On connaît la suite de l’histoire de ce terrain, rebatipsé « zone à défendre » ou ZAD, par les activistes opposés à l’aéroport : après d’intenses affrontements, le premier ministre d’Emmanuel Macron, Edouard Philippe, annonçait en janvier 2018 l’abandon du projet de « l’aéroport de la division ».
Rituels paysans
Ce phare désobéissant, qui revient à trois reprises dans le montage, fait figure de totem dans ce documentaire hypnotique, organisé selon une succession de plans fixes – Direct Action tourne dans les festivals depuis sa sélection à la Berlinale. Pendant plus d’un an, entre 2022 et 2023, les deux cinéastes ont posé leur caméra 16 mm dans la ZAD de Notre-Dame-des-Landes, toujours habitée par divers collectifs qui y vivent en autonomie, travaillant la terre tout en menant des activités militantes.
Car le combat continue, notamment au sein du mouvement Les Soulèvements de la Terre, créé en 2021, réseau d’activistes coordonnant diverses luttes locales (contre le projet d’autoroute Castres-Toulouse, ou en opposition aux mégabassines, ces réservoirs d’eau artificiels utilisés pour l’irrigation de terres agricoles). Au total, environ 150 personnes ont investi ce vaste lieu – grand comme un aéroport, cela va sans dire.
Direct Action révèle le versant méconnu de ce territoire, avec ses rituels paysans, menés au rythme des saisons : travail de la terre avec un cheval de labour, pétrisssage de la pâte à pain, dans une abstraction de couleurs pâles, tâches de désherbage pour l’entretien des sols, etc. Autant d’activités qui n’auraient pu se développer si l’aéroport avait été construit.
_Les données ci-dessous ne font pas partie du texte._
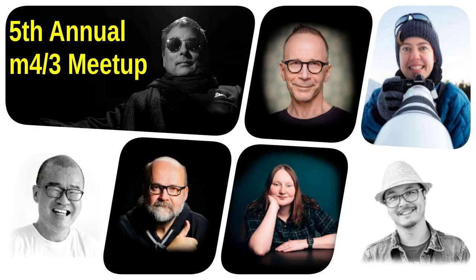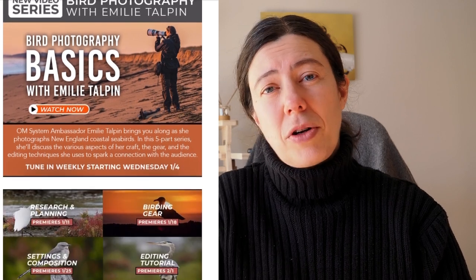Next week I will be on Rob Trek's channel — most of you probably know him. He has quite the channel dedicated to Macro 4/3rds. I've been joining him and some other OM System ambassadors and Macro 4/3rds photographers. We will be answering questions live and talking about the future of Macro 4/3rds. I'll put the link below if you want to join us next Sunday at 10 a.m. Eastern Standard Time. Also, a few of you have been asking about editing videos — I just had one release with B&H about editing bird photography, so I'll put the link here.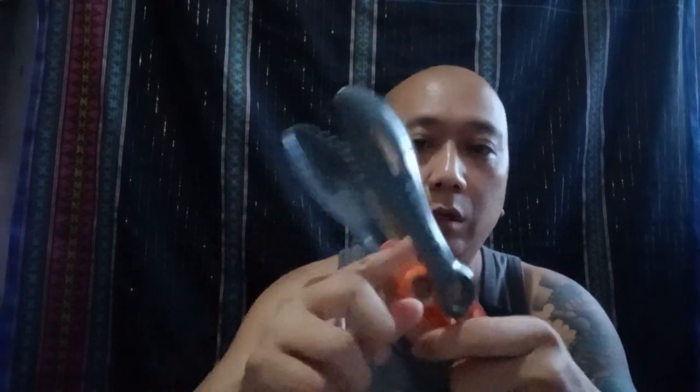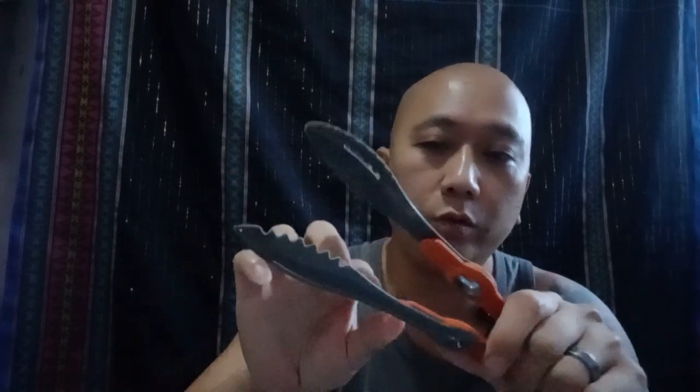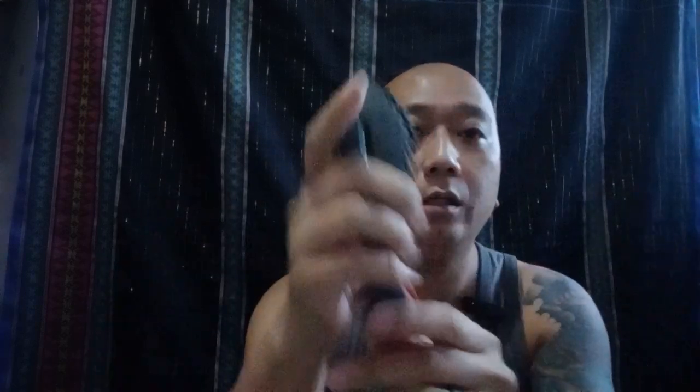To fold it back again, you just pull this up a bit to release the lock, then fold — same on the other side. There you go. Now it's only this big when folded.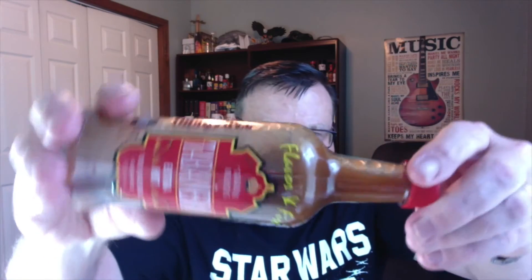Check out the consistency on this new Extra Hot — you can definitely tell it's a little bit thicker than the original. The original is more fluid-like, definitely on the thinner side. They've really thickened this just a little bit, and I think the increased habanero is doing that. But let's go ahead and get into this one.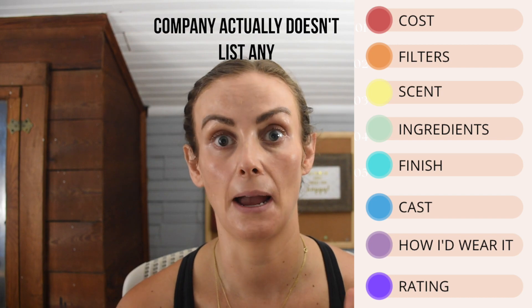Before we get into more of the application, let's go through some of the ingredient callouts. This one actually doesn't have any on their website or in their marketing, which I was super impressed by. So many times with skincare and sunscreens, brands will be like 'oh we have this extract and this and that' — and it's kind of like, well, that's not why you're getting your sunscreen. Those extras basically hike up the cost without doing much.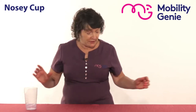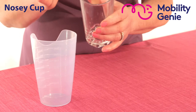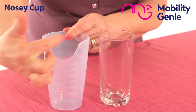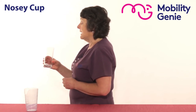For example, I'll bring an ordinary glass and we'll compare the two. So with the ordinary glass, it's all the same height, and with the nosy cup, it has one part scooped out here to allow room for the nose. So I'll show you now what it looks like when I'm trying to drink from an ordinary glass.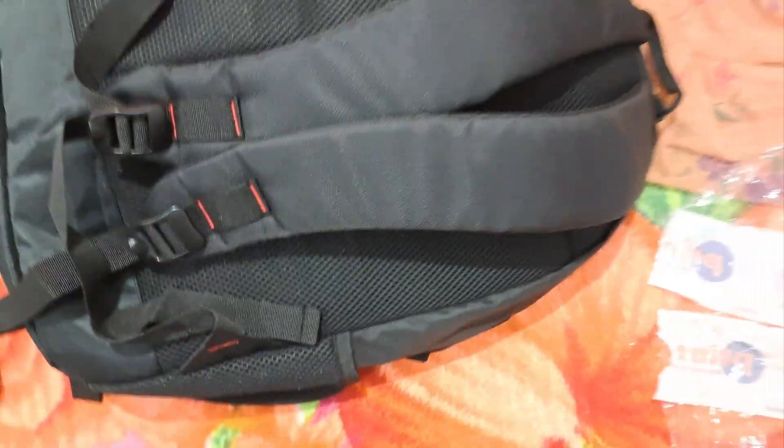Now let's move to the bag — as you can see it looks beautiful and stylish. The first compartment, as I said, is for your lunch box. Here you can keep your books and copies. There's also a section for accessories with multiple compartments where you can keep your pen drives, hard disks, power banks, and there's also a dedicated laptop case.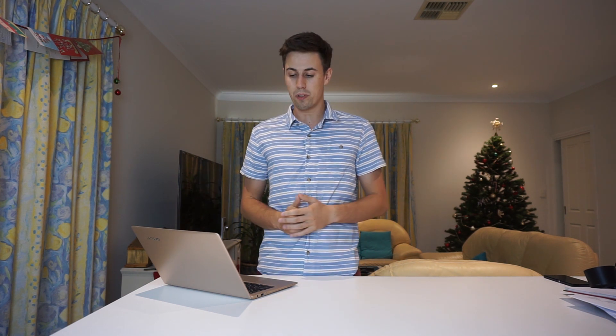I don't have any endorsement or anything from Lenovo. This was just the laptop that fit my budget and I thought I would give it a shot. Overall, I'm pretty happy with this laptop.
C’est l’idée géniale du film, d’articuler le visible (le présent de la ZAD, au jour le jour) et l’invisible (l’aéroport qui ne sortira pas de terre). Libre aux spectateurs de se construire « leur » film : à la place de ce jardin où un cheval à crinière blanche prend l’air, il y aurait eu, qui sait, un magasin de souvenirs ; et ce chemin qu’empruntent les vaches avec leurs veaux, au printemps, correspondait peut-être au tracé d’une piste d’atterrissage (séquence bouleversante avec deux éleveurs âgés, un homme et une femme, guettant comme de jeunes parents la sieste dans l’herbe des nouveau-nés beuglant…).